Rupert Cruise is the co-founder and technical director at Magway, a deep tech scaleup creating a network of overground or underground pipes to move goods at high speed.
Founded in 2017 by Cruise and Phill Davies, Magway is aiming to disrupt sustainable and efficient goods delivery. It uses linear motors and automation to move goods along a network that can span a distance ranging from a few hundred meters to tens of kilometres..
It has raised over £5m in funding from friends, family and high net-worth individuals. The company says it has “generated commercial traction” and is aiming to decarbonise logistics.
Cruise has a background in designing motors for high-speed transport projects, previously founding Linear Motor Technologies, a company helping to improve the efficiency of transport systems for government agencies and private companies.
In this week’s Founder in Five Q&A, Cruise explains why “funding is a full-time role”, discusses the benefits of robots in warehouses and reveals how he uses chess to measure mental health.
1. What funding advice would you give to a first-time founder?
Rupert Cruise: When you are an early-stage business, funding is critical. However, funding is a full-time role and often distracts from the core business. So as the founder, one must balance the need to focus on raising funding for the business on one hand, and on the other hand focus on building the business.
The best way to fund a business is by far sales; however, if one does need to go for equity financing, just consider that there will be a series of rounds.
The advice to founders is not to give away too much too early on. As a simple rule, the founders should give away no more than 10% of the equity at each funding round. This is because it’s likely the company will have four or five funding rounds before there is significant growth and/or the business becomes self-financing in terms of sales.
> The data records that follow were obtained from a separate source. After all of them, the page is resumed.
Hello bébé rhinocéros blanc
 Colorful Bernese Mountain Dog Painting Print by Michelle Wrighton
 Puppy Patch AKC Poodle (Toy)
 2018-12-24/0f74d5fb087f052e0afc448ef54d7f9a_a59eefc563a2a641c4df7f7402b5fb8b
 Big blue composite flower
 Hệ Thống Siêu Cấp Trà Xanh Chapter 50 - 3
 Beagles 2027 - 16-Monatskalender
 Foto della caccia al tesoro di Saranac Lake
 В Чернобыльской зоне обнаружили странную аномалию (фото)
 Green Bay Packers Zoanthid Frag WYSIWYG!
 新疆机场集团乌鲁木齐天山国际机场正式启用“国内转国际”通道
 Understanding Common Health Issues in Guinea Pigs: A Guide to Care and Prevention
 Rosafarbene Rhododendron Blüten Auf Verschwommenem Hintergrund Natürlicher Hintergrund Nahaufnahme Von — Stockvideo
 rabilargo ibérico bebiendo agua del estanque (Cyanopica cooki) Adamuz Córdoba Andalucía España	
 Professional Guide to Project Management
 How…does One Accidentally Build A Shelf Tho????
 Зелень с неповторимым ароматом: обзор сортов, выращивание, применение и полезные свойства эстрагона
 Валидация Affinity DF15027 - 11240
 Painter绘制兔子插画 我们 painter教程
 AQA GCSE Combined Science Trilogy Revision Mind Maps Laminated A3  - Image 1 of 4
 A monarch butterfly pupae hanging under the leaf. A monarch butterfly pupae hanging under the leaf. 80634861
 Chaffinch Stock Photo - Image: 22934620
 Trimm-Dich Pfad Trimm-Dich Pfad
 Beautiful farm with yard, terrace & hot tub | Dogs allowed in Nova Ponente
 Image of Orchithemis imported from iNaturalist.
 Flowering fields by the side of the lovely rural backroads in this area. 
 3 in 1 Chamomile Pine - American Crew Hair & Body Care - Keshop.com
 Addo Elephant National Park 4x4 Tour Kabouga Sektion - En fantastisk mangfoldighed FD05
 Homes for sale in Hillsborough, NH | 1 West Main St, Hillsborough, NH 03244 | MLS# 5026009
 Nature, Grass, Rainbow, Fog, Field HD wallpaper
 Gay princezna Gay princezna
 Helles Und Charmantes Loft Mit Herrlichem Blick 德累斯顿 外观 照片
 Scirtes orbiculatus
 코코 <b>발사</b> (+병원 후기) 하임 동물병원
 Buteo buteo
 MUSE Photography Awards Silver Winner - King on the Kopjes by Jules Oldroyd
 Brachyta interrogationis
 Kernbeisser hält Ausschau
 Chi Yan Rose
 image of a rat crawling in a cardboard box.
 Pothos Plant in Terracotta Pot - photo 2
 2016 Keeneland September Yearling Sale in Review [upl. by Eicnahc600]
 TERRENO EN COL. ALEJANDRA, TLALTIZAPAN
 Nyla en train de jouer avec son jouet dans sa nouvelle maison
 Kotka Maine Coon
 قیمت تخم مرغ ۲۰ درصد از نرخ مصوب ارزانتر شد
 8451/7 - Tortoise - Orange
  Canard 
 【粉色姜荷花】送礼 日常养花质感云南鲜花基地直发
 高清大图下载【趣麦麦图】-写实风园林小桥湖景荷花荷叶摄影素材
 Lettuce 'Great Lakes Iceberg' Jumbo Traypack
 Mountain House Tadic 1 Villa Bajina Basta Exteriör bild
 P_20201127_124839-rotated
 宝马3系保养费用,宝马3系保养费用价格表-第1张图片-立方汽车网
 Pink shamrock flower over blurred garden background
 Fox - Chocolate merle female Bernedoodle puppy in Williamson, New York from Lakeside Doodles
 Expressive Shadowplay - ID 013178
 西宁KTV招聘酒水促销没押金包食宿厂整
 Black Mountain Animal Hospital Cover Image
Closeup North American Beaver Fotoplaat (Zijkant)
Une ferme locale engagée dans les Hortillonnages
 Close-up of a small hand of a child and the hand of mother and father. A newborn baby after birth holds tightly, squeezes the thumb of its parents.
2. When should a founder CEO pass the baton on to a new chief executive?
RC: Founders are critical to the early growth stages of the business. As the business grows and expands it’s important for the founders to recognise that, whilst they can do anything, they cannot do everything! It is also important to recognise that as the organisation grows beyond a certain size there are others who would be better suited to take on the leadership position, particularly senior leadership positions, than the founders themselves.
This is a very common phenomenon with any high-growth startup. Often the company grows, and the roles develop faster than the capabilities of the founders. The recommended advice is to recognise that moment and to make sure you have the appropriate people ready to step into place.
3. How do you prevent burnout?
RC: To prevent burnout, it is important – particularly for founders, and anyone in the business – to completely disconnect from the business and have periods of rest and recuperation.
My way of doing that is through chess. I am an avid online chess fanatic and I spend at least two to three hours a day, particularly after a long and hectic day, playing chess.
I also use my chess score as an indication of my mental health – if my chess score is low then I am working too hard and suffering from burnout.
I then need to rest more, get some sleep, make sure I get enough nutrition and perhaps even take a holiday. After a period of rest and holiday, my chess score tends to improve. I use my chess scores as a daily indicator of my mental health and an important early indicator to prevent burnout.
4. Excluding your sector, which nascent technology holds the most promise?
RC: This one’s probably an easy one because it’s slightly outside of our technology and it’s significant for some of our customers as it pertains to what happens within their warehouses and factories.
What we are seeing is increased automation, particularly in terms of robotics and machine learning/AI. I firmly believe that the future lies in robotics and particularly robotics working in conjunction with humans.
This synergy will be crucial going forward, so for those interested in the direction of technology in the future, the key focus will be on automation and robotics in various industrial processes. That’s where the future is headed.
5. Who’s a leader you admire in your industry?
RC: It’s pretty simple: Roni Savage is the leader whom I greatly admire. She’s not only an incredibly talented individual who is an inspiration to everyone, but she is also a pioneer within her industry. She is the first entrepreneurial pioneer to run her own very successful business within the construction sector which, as we know, is very white and male-dominated.
Besides running a successful company, she has started an initiative called Inspirational Businesswoman in STEM within Construction. She has worked with other successful women across industry in terms of promoting and raising the profile of women entrepreneurs within the science, technology, engineering and mathematics fields.
Roni’s accomplishments are truly inspirational to me and many of the Magway team. Recently, we had the honour of participating in a unique event at the House of Lords, celebrating “Inspirational Businesswoman in STEM”, and although I was quite rightly outnumbered, I was proud to stand as an ally alongside Roni and her fellow successful women.
Founder in Five – a UKTN Q&A series with the entrepreneurs behind the UK’s innovative tech startups, scaleups and unicorns – is published every Friday.